• _DATA SHOWN_
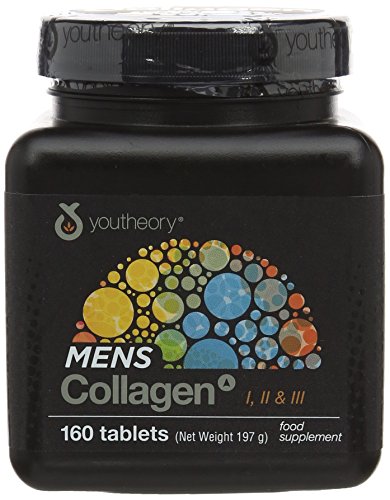 Youtheory Collagen Advanced 1, 2 and 3 Mineral Supplements for Men-160 Tablets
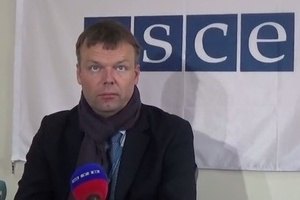OSCE monitors came under fire in Donbas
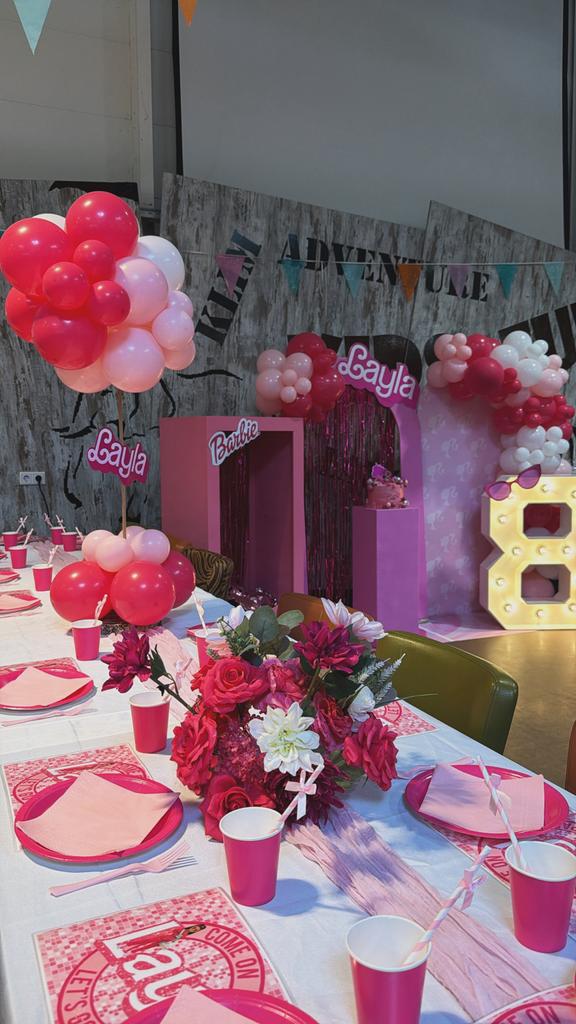 Complete Barbie Thema Decoratie Styling, Ophalen of Verzenden, Zo goed als nieuw, Versiering, Verjaardag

• _TASK REQUIREMENTS_
With every picture left out, print exactly the lines from the one containing "OSCE monitors came under fire in Donbas" through the final line of the material above.

• _WRITTEN RESPONSE_
OSCE monitors came under fire in Donbas
 Complete Barbie Thema Decoratie Styling, Ophalen of Verzenden, Zo goed als nieuw, Versiering, Verjaardag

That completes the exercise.